SAN FRANCISCO • Activist hedge fund Starboard Value, which is leading an investor revolt against Yahoo's management team, is seeking to remove the entire board of the struggling Internet company, the Wall Street Journal reported.
The activist investor, which owns about 0.75 per cent of Yahoo, planned to announce that it will nominate nine directors to Yahoo's board, the Journal said yesterday, citing a Starboard letter.
"The board and management have continually failed to live up to their own promises and shouldn't be trusted with the decision on whether Yahoo should remain an independent company," the paper reported, citing the letter.
Starboard has been pushing for changes at Yahoo since 2014, asking it to separate its Asian assets and sell the core business.
Shareholders have till March 26 to submit nominations for the board to be elected at Yahoo's annual meeting this spring. Starboard has said it is willing to launch a proxy fight with its own nominations.
Telco Verizon and publisher Time are among the companies expected to bid for Yahoo's core business, while some private equity firms are expected to team up to make offers.
Representatives at Yahoo and Starboard Value could not be reached for comment.
Starboard, one of the most prolific US activist investors, has been a harsh critic of the struggling Internet company.
Investors are losing patience with Yahoo chief executive Marissa Mayer, who has little progress to show on her revival efforts after more than three years.

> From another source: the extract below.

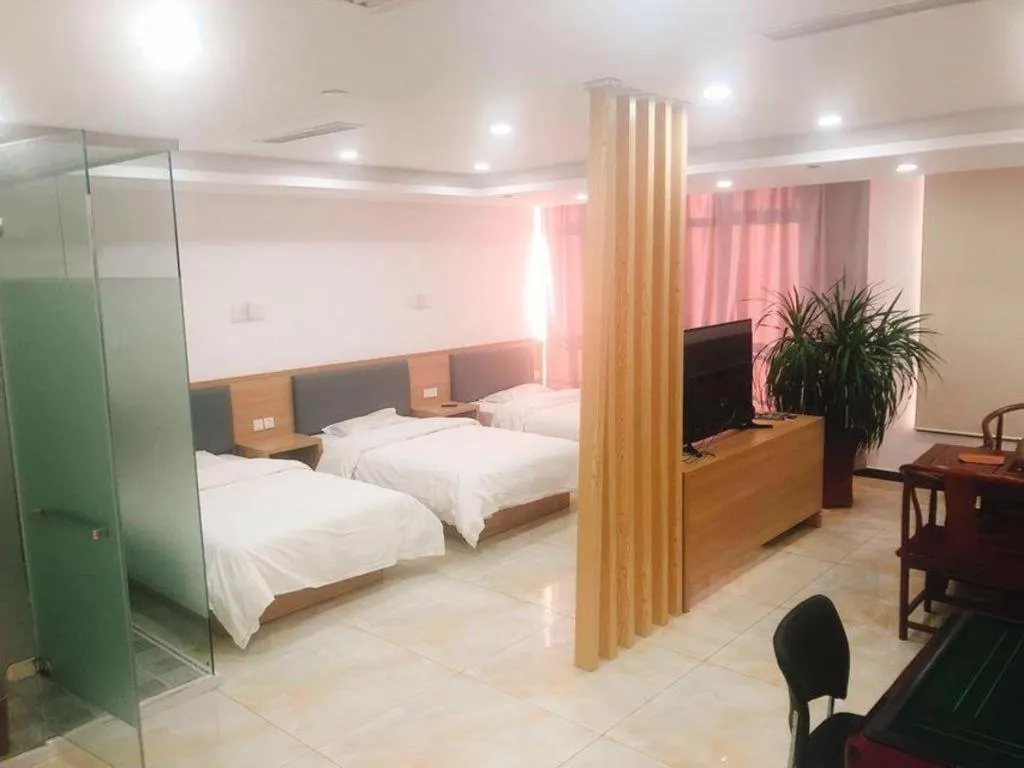 Bed in 7Days Inn Tianjin Airport NO.1 Bridge Branch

Ms Mayer has presided over sluggish sales growth and so far failed to separate Yahoo's main Web business from a multibillion-dollar stake in China's Alibaba Group. Starboard began calling for changes in 2014 and has stepped up criticism of management even as Yahoo said it would consider alternatives like selling core operations.
Starboard has a record of compelling firms to heed its wishes. In 2014, it got investors to replace Darden Restaurants' board after the unpopular sale of the Red Lobster chain to Golden Gate Capital. It also pressured office-supply rivals Staples and Office Depot into a merger.